402 Phil. 462

EN BANC

[ A.M. No. P-00-1428, January 18, 2001 ]

OFFICE OF THE COURT ADMINISTRATOR, COMPLAINANT, VS. IMELDA S. PERLEZ, CLERK OF COURT, MTC, BRANCH 2, SAN PEDRO, LAGUNA, RESPONDENT.

D E C I S I O N

MENDOZA, J.:

This is a complaint filed by Judge Gloria B. Aglugub of the Municipal Trial Court, Branch 2, San Pedro, Laguna against the Clerk of Court, Imelda Perlez, for allegedly failing to submit the transcript of stenographic notes in certain cases and hiding the records of other cases resulting in the failure of Judge Aglugub to decide 19 cases[1] assigned to her within the prescribed time. For this reason, Judge Aglugub had to ask for an extension of time to decide the aforesaid cases.

Upon the recommendation of the Court Administrator, Clerk of Court Imelda S. Perlez was required to comment on the complaint against her. Meantime, Judge Aglugub was granted an extension of 90 days within which to decide the 19 cases.

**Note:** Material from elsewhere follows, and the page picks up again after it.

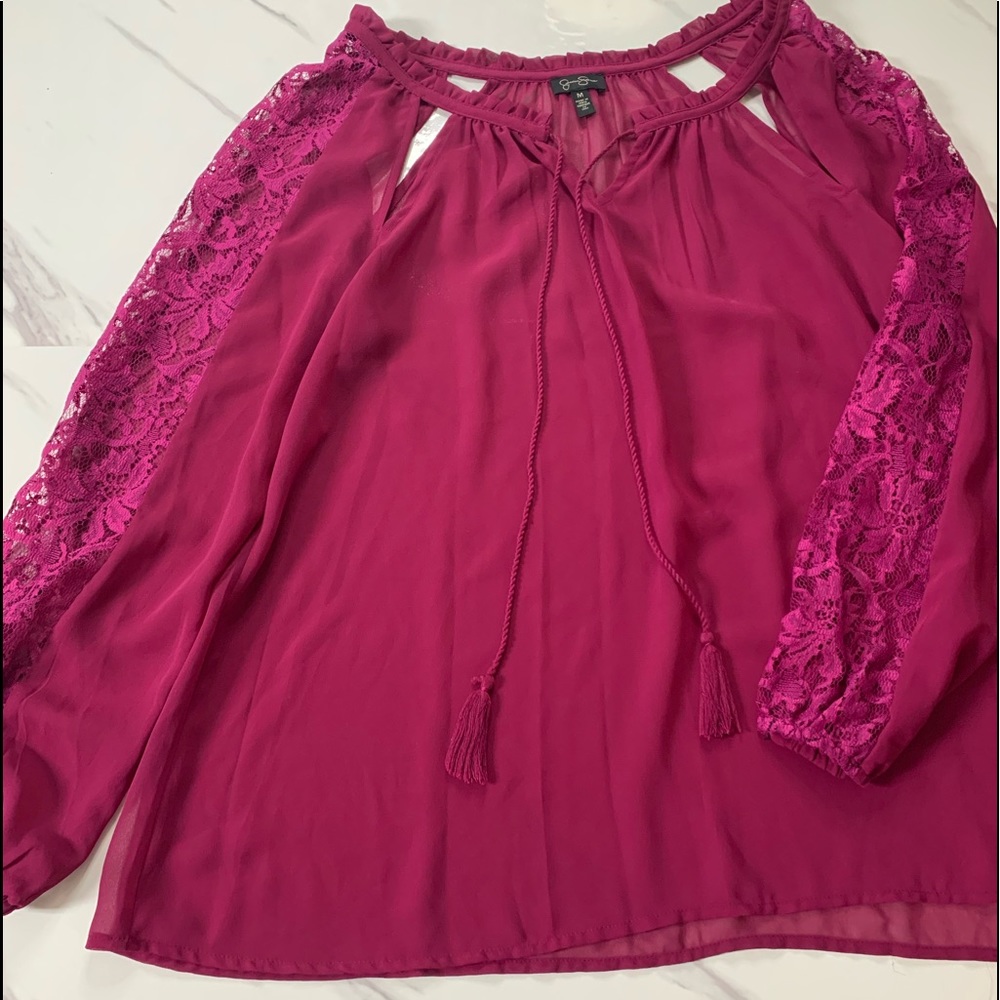 Jessica Simpson burgundy top with lace sleeves.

Ms. Perlez' comment, slightly edited, states:
Undersigned Clerk of Court I, MTC Br. 2, San Pedro, Laguna, in compliance with the Order of the Honorable Court En Banc dated October 5, 1999, respectfully manifest:

With due respect she vehemently denies Judge Aglugub's allegation blaming her for her (Aglugub) failure to resolve 19 cases within the time frame required of her due to undersigned's propensity to hide records.
  1. Firstly, I have no physical control of the stenographers who fail to transcribe their stenographic notes for one reason or another except to remind them from time to time. In fact, I used to report to Judge Aglugub stenographers who do not heed my reminders. Just to cite an appropriate example, is an order of Judge Aglugub ordering Jennifer Lancion, our former stenographer, to bring to court all transcript of stenographic notes within ten (10) days from receipt hereof and copy of which is hereto attached as Annex "A"; and another order dated October 8, 1997 ordering again Jennifer Lancion under pain of arrest should she fail to do so within five (5) days from receipt thereof and copy of which is hereto attached as Annex "B"; This incident clearly indicates that if Hon. Judge herself could not discipline stenographer how much more for a Clerk of Court like me? Hence, I could not be used as an alibi or a fall guy for Judge Aglugub's failure to comply with the rules;

  2. Secondly, most if not all of the transcript of stenographic notes in the cases cited by Judge Aglugub were all assigned to former stenographer Jennifer Lancion to wit; Criminal Case Nos. 22262, 23855-58, 23300, 14668, 14700, 25457, 26739 and 22240 who, despite my continuous pounding and repeated reminders to come out with the corresponding TSN of the above cases, stubbornly and repeatedly failed and refused to do so until she left for good without a trace, and this was known to Judge Aglugub as per my manifestation dated July 16, 1999, a copy of which is hereto attached as Annex "C".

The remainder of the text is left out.